NewsIn un paio di jeans una richiesta di aiuto dalla Cina

«Siamo detenuti nella prigione Xiangnan di Hubei, in Cina. Da molto tempo lavoriamo in carcere per produrre abbigliamento per l’esportazione. Ci fanno fare turni di 15 ore al giorno. Quello che ci danno da mangiare è perfino peggio di quello che si darebbe a un cane o ad un maiale. Siamo tenuti ai lavori forzati come animali. Chiediamo alla comunità internazionale di condannare la Cina per questo trattamento disumano».
È questo il drammatico contenuto di un messaggio trovato da una donna inglese nella tasca di un paio di jeans acquistati a Belfast. I pantaloni erano stati comprati tre anni fa, ma mai utilizzati. La scoperta risale solo a pochi giorni fa, quando la donna si è accorta che in una delle tasche c’era qualcosa. Il messaggio è scritto su un semplice foglio di carta piegato, scritto in ideogrammi cinesi ma con un ben comprensibile “Sos!” ripetuto tre volte. Dopo averlo fatto tradurre, la donna si è rivolta ad Amnesty International, che ha confermato quanto era emerso.

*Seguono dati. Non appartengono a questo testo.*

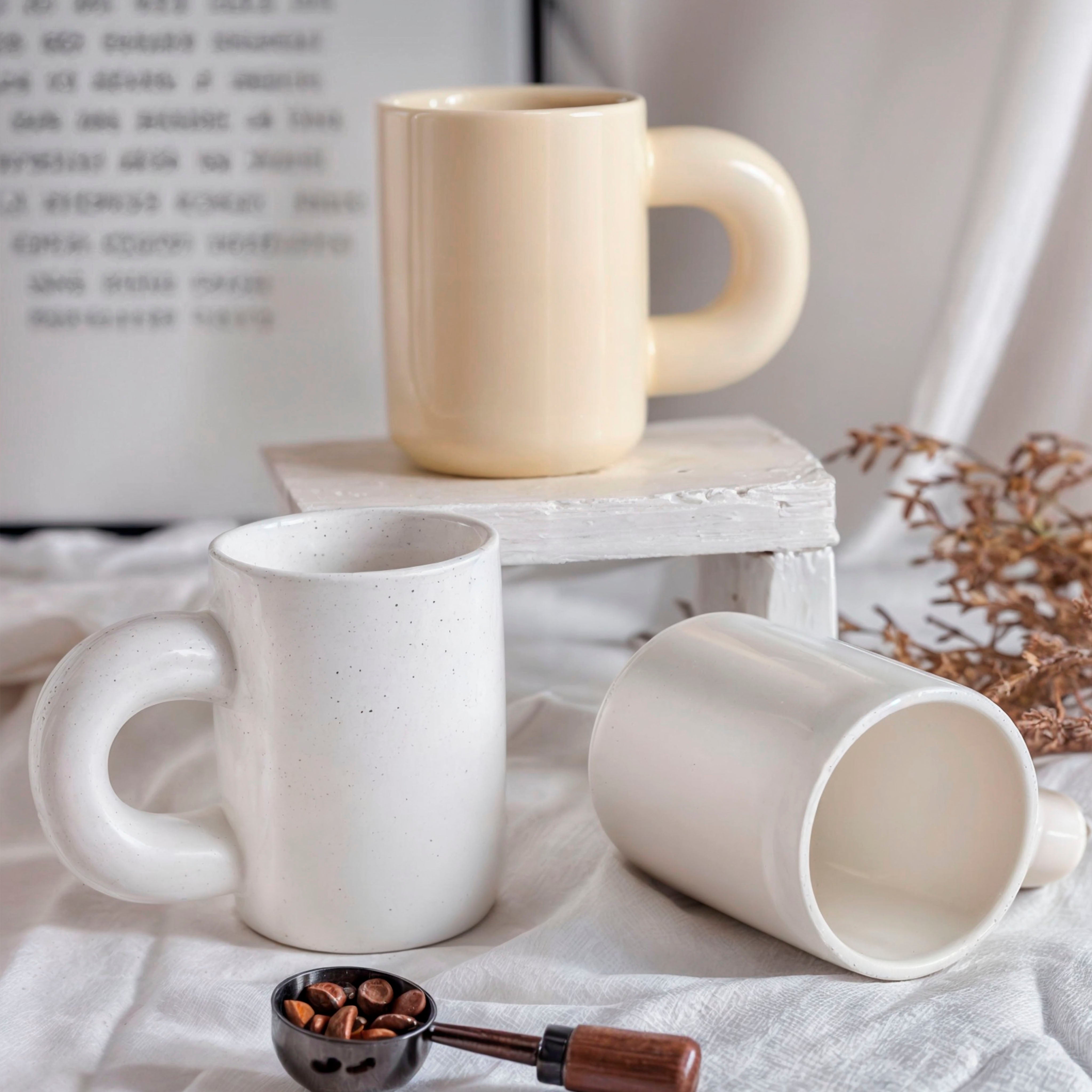 Athenea Cup – Luxe Porseleinen Kopje met Geometrisch Ontwerp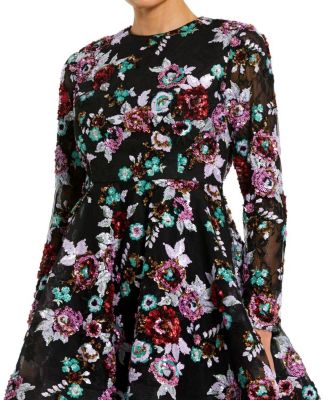 High Neck Long Sleeve Sequin A Line Mini Dress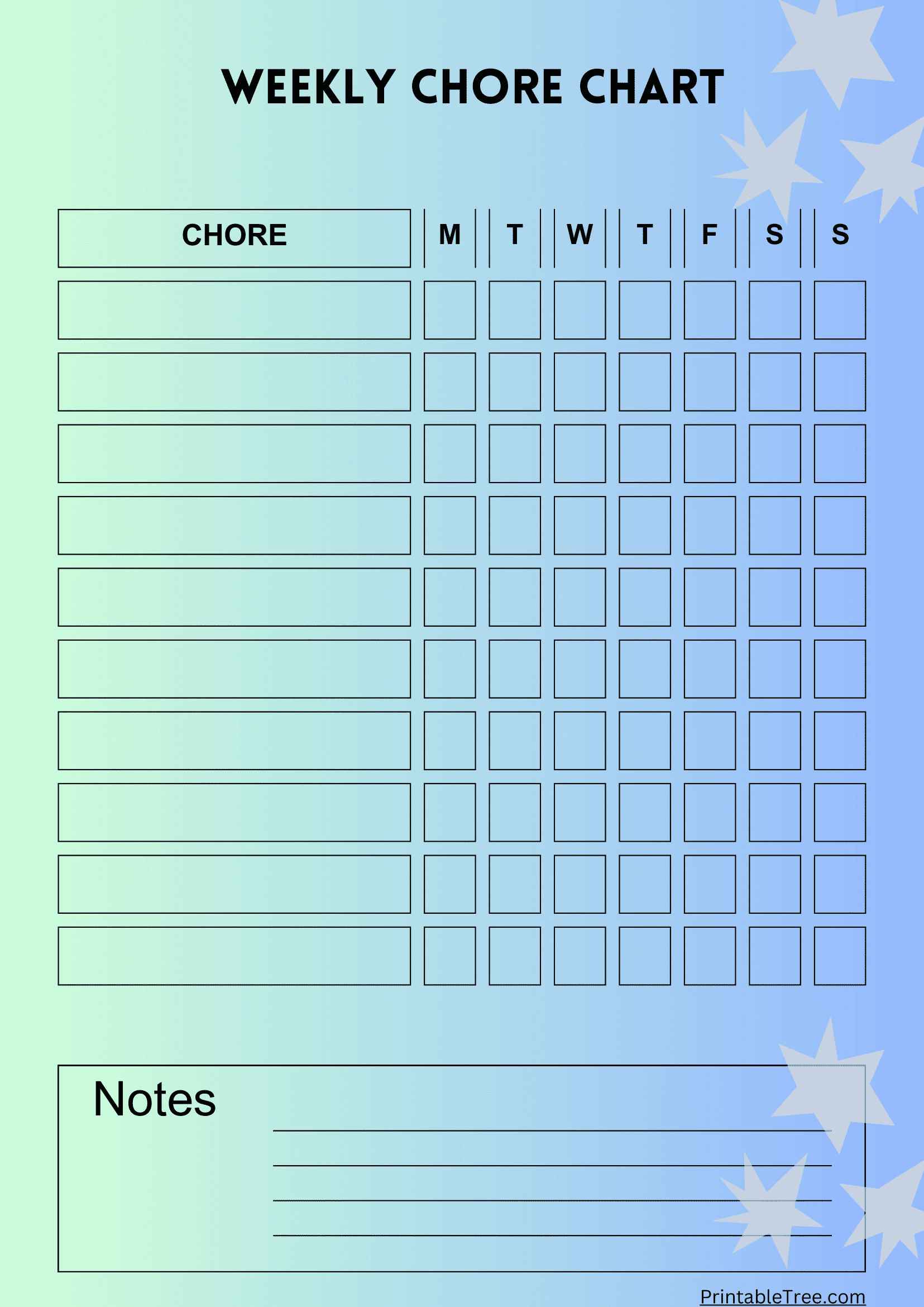 Chore Chart Free Printable Blank
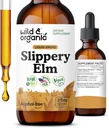 Wild & Organic Slippery Elm Drops - Lung, Digestief & Women's Support - Slippery Elm Bark Tinctuur - Liquid Ulmus Rubra Extract Supplement - Vegan, Sugar & Alcohol-Free - 2 fl oz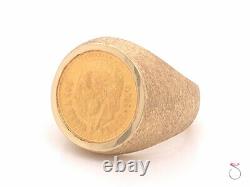 Mens Gold 2.50 Mexican Peso Coin Pinky Ring, 14K & 22K Yellow Gold. Size 9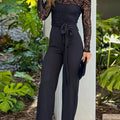 Fashionable Off-Shoulder Jumpsuit - Casual with Lace Detailing   OAXG Black / S
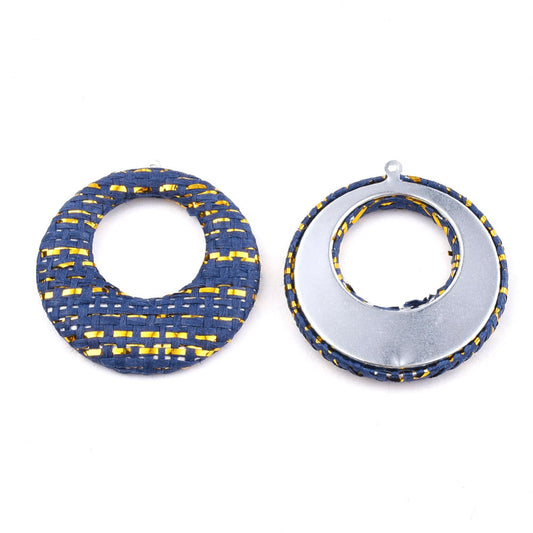 P401 - 4 pcs. Blue and Gold Raffia Dangle Charms Pendants - Circle Hoop Weave - 44mm (1.73") - Great for Earrings or Dangles!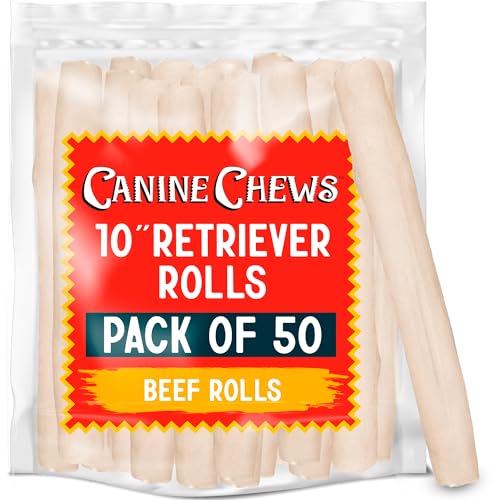 Canine Chews 10" Dog Rawhide Retriever Rolls - Rawhide Bones for Large Dogs (50 pk) - Natural Beef Dog Rawhide Chews - Single Ingredient Dog Rawhide Bones - Large Rawhide Bones for Dogs Dental Chew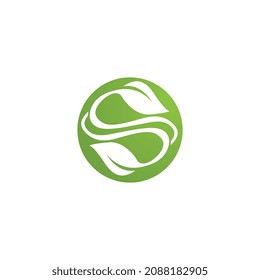 Logotipos de ecología de hoja de árbol verde elemento de naturaleza vector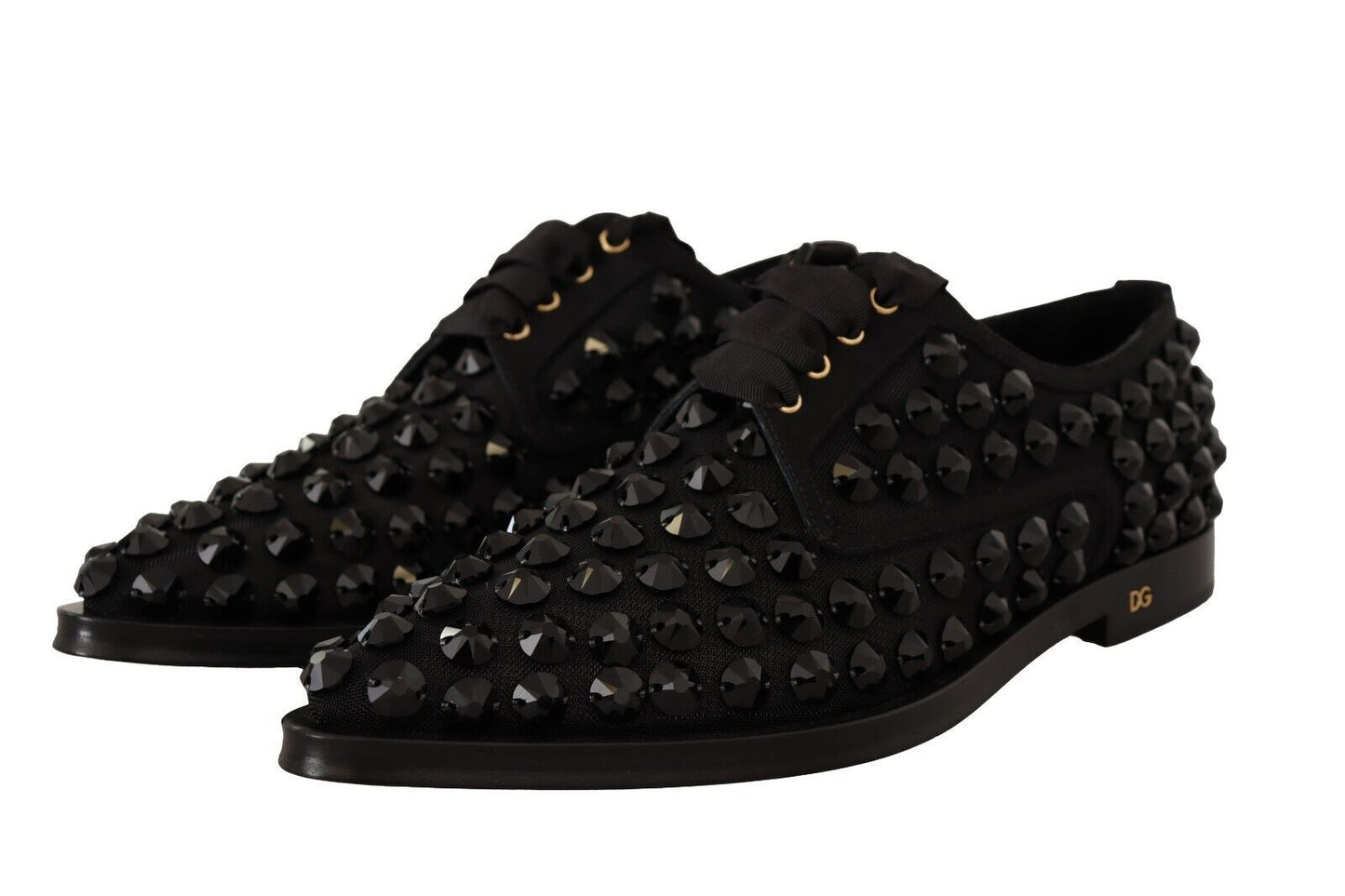 Dolce & Gabbana Elegantes zapatos planos de grosgrain con cordones y pedrería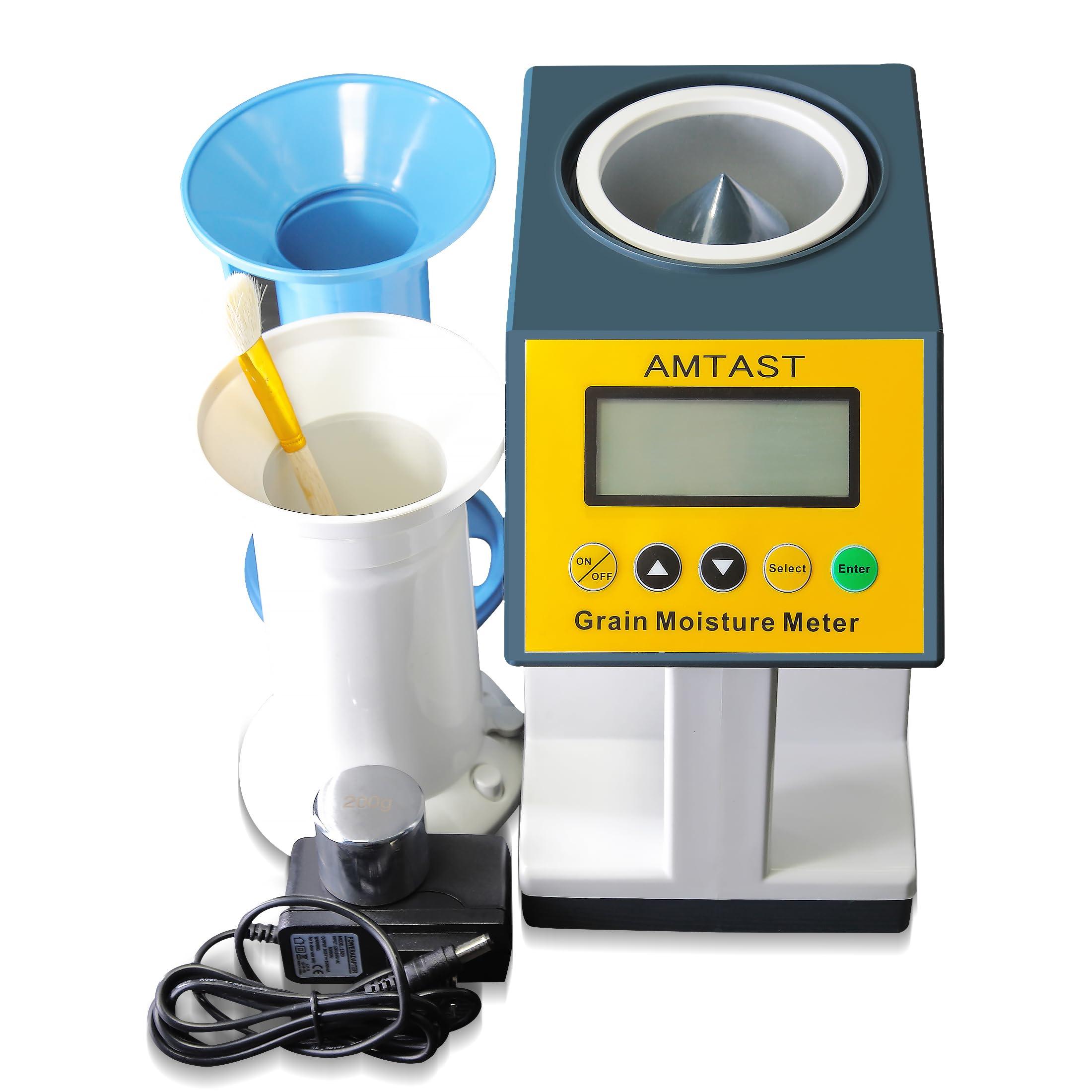 AMTAST Grains Moisture Density Weight Tester Grain Moisture Meter Smart Density Tester for 24 Kinds of Grains, Hazelnut, Coffee Beans, Cocoa Beans, Rice, Wheat, Corn, Upgraded Grain Moisture Tester GM005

«E’ una storia molto difficile da verificare», commenta Amnesty, confermando però che le condizioni lavorative in vaste aree di Asia, America Latina e Africa sono disumane. Intanto la Primark, l’azienda incriminata, ha avviato un’inchiesta interna, e ha nel contempo affermato: «Troviamo però strano che il biglietto sia venuto alla luce solo ora», sottolineando che finora non erano mai emerse irregolarità. Questo però non sarebbe vero, poiché già in passato in questi  capi erano stati rinvenuti messaggi, anche in inglese, in cui si denunciava la medesima situazione.